Verordening (EG) nr. 725/2004 betreffende de verbetering van de beveiliging van schepen en havenfaciliteiten
Artikel 2 Definities
Geldend vanaf 19-05-2004
- Bronpublicatie:
31-03-2004, PbEU 2004, L 129 (uitgifte: 29-04-2004, regelingnummer: 725/2004)
- Inwerkingtreding
19-05-2004
- Bronpublicatie inwerkingtreding:
31-03-2004, PbEU 2004, L 129 (uitgifte: 29-04-2004, regelingnummer: 725/2004)
- Vakgebied(en)
Arbeidsrecht / Arbeidsomstandigheden en beroepsschade
Vervoersrecht / Binnenvaart
Vervoersrecht / Zeevervoer
In de zin van deze verordening wordt verstaan onder:
- 1.
‘Speciale maatregelen ter verbetering van de maritieme beveiliging van het SOLAS-Verdrag’: de wijzigingen, opgenomen in Bijlage I van deze verordening, houdende samenstelling van hoofdstuk XI-2 van het SOLAS-Verdrag, in zijn bijgewerkte versie.
- 2.
‘ISPS-Code’: de internationale code voor de beveiliging van schepen en havenfaciliteiten (ISPS-Code) in zijn bijgewerkte versie.
- 3.
‘Deel A van de ISPS-Code’: de deel A van de ISPS-Code vormende preambule en dwingende voorschriften, opgenomen in bijlage II van deze verordening, betreffende de bepalingen van hoofdstuk XI-2 van het SOLAS-Verdrag in zijn bijgewerkte versie.
- 4.
‘Deel B van de ISPS-Code’: de deel B van de ISPS-Code vormende aanbevelingen, opgenomen in bijlage III van deze verordening, betreffende de bepalingen van hoofdstuk XI-2 van het SOLAS-Verdrag voor beveiliging van mensenlevens op zee, 1974, als gewijzigd, en die van deel A van de ISPS-Code, in zijn bijgewerkte versie.
- 5.
‘Maritieme beveiliging’: de combinatie van preventieve maatregelen en personele en materiële middelen die het zeevervoer en de havenfaciliteiten moeten beschermen tegen dreigingen van opzettelijke ongeoorloofde acties.
- 6.
‘Instantie voor maritieme beveiliging’: de door iedere lidstaat aangewezen instantie die als contactpunt voor de Commissie en de overige lidstaten dient en die de toepassing van de maatregelen op het gebied van maritieme beveiliging in deze verordening faciliteert, de follow-up verzorgt en informatie verschaft.
- 7.
‘Bevoegde autoriteit voor maritieme beveiliging’: een door de lidstaten benoemde autoriteit die de toepassing moet coördineren, ten uitvoer leggen en controleren van de door deze verordening voorgeschreven veiligheidsmaatregelen voor schepen en/of een of meer havenfaciliteiten.
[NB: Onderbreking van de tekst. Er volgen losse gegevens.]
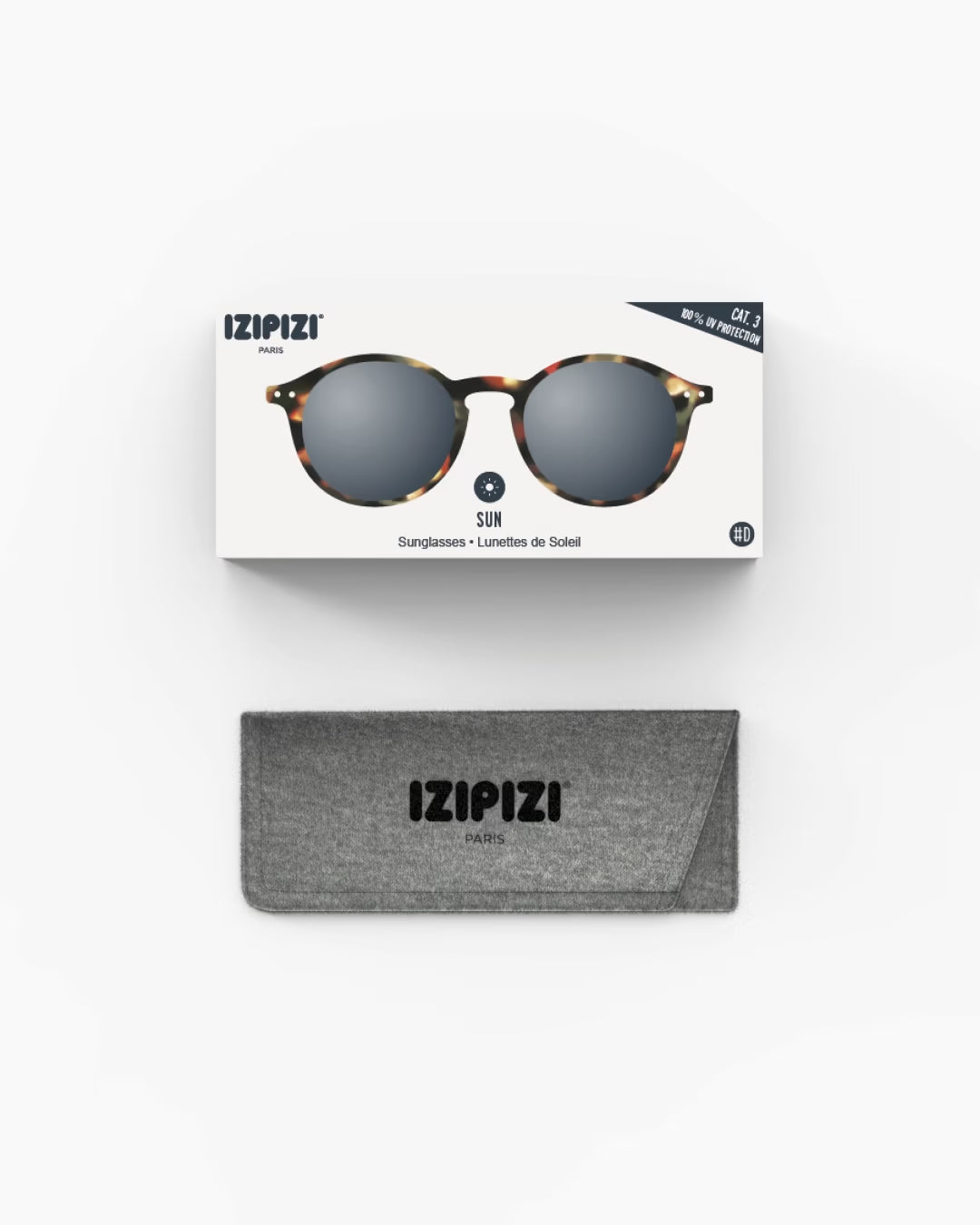 Sun #D Tortoise - IZIPIZI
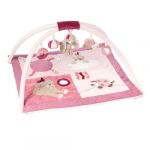 Килимок розвиваючий Nattou з дугами Ніна, Жаде і Лілі 987264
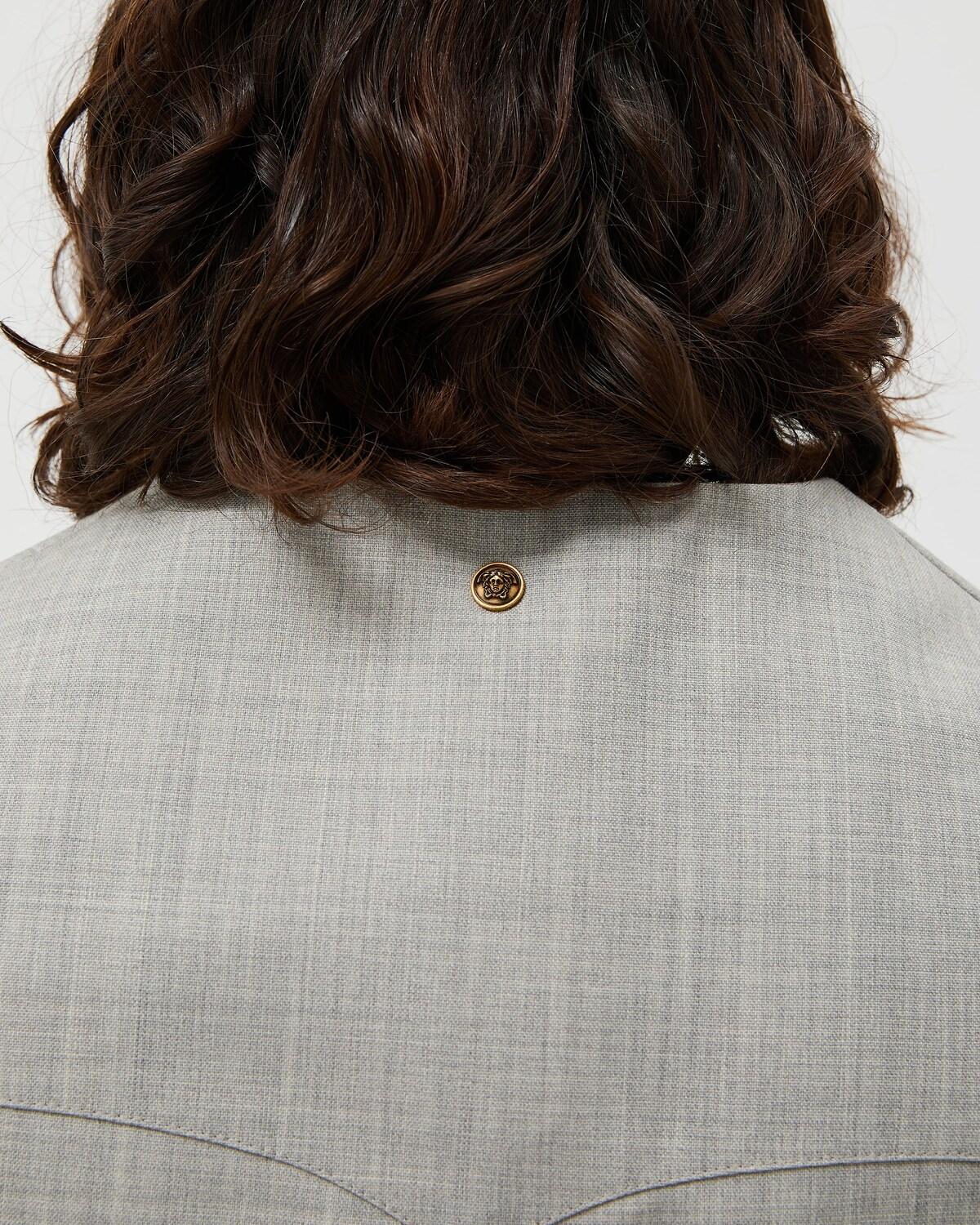 Wool Vest - Image 5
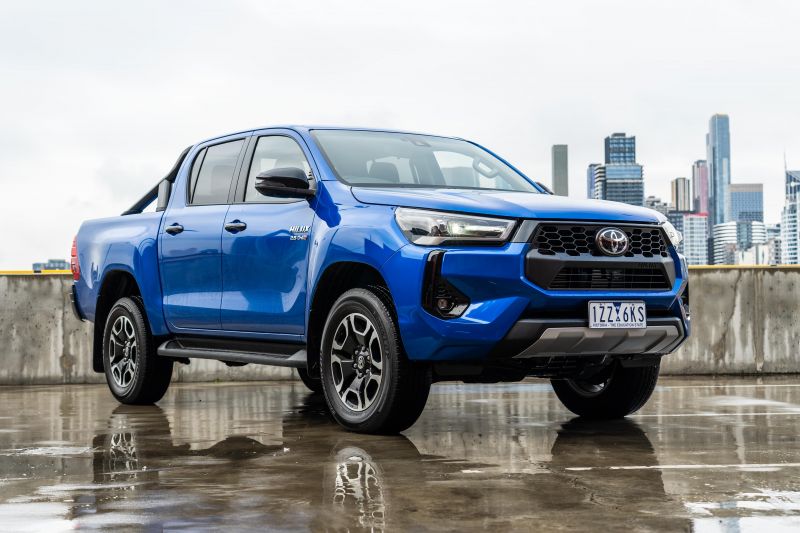 Toyota HiLux discounts arrive in Australia, with a catch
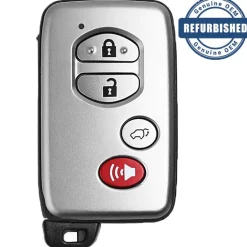 2011 Toyota Venza Smart Key Fob PN: 89904-0T020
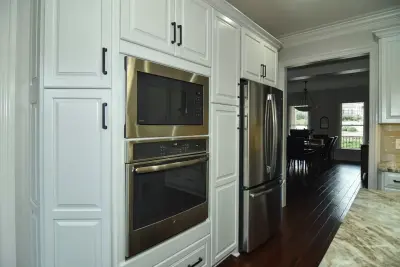 Elgin SC Kitchen Renovation — Home Renovation & Remodeling Services project by Master's Men Remodeling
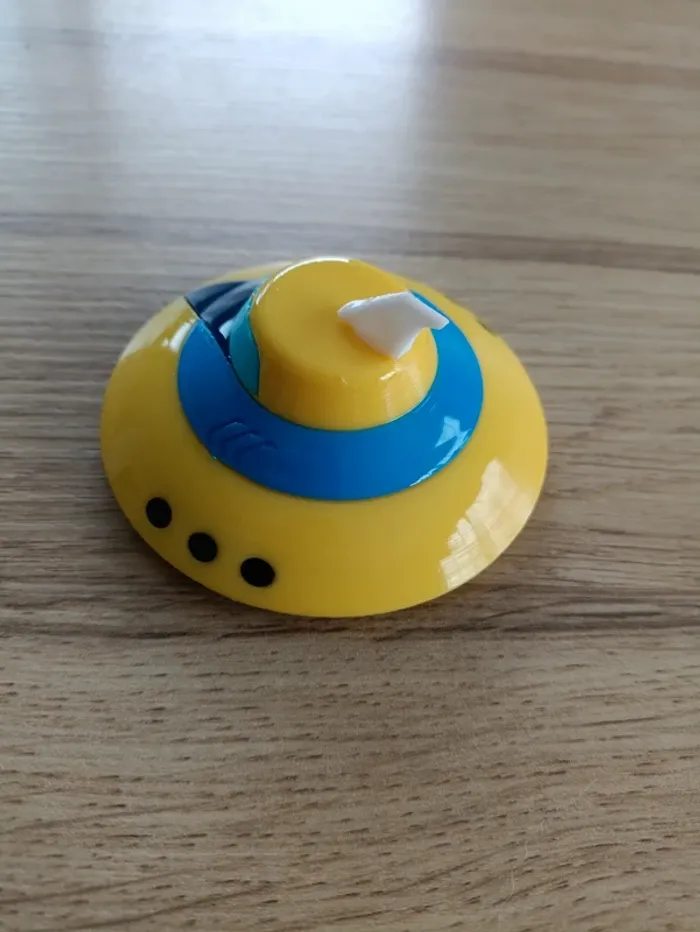 Ovterre alcor de Goldorak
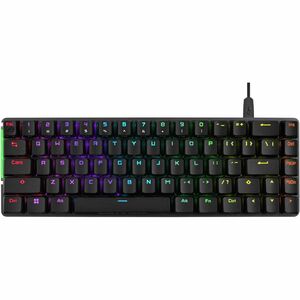 ASUS ROG Falchion Ace 65% RGB Compact NX Brown Gaming Mechanical Keyboard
De bevoegdheden van deze autoriteit kunnen verschillend zijn, naargelang van de taken waarmee zij wordt belast.
- 8.
‘Internationaal zeescheepvaartverkeer’: iedere zeeverbinding per schip tussen een havenfaciliteit van een lidstaat en een havenfaciliteit buiten die lidstaat, en omgekeerd.
- 9.
‘Binnenlands zeescheepvaartverkeer’: iedere verbinding die in zeegebieden tussen een havenfaciliteit in een lidstaat en diezelfde havenfaciliteit of een andere havenfaciliteit in die lidstaat per schip wordt onderhouden.
- 10.
‘Geregelde dienst’: een reeks overtochten die is georganiseerd om een verbinding tussen twee of meer havenfaciliteiten te onderhouden:
- a)
volgens een gepubliceerd dienstrooster;
- b)
met een zodanige regelmaat of frequentie dat zij een herkenbare systematische reeks vormt.
- 11.
‘Havenfaciliteit’: een locatie waar interactie tussen haven en schip plaatsvindt. Een locatie omvat ankergebieden, ligplaatsen en aanvaarroutes vanuit zee, naar gelang van toepassing.
- 12.
‘Schip/haven raakvlak’: interacties die plaatsvinden wanneer een schip rechtstreeks en onmiddellijk betrokken is bij activiteiten waarbij sprake is van de verplaatsing van personen of goederen dan wel havendienstverlening aan het schip of vanuit het schip.
- 13.
‘Opzettelijke ongeoorloofde actie’: een opzettelijke actie die gezien de aard of context ervan schade kan toebrengen aan schepen in het internationale en nationale maritieme verkeer, aan passagiers en lading en aan de desbetreffende havenfaciliteiten.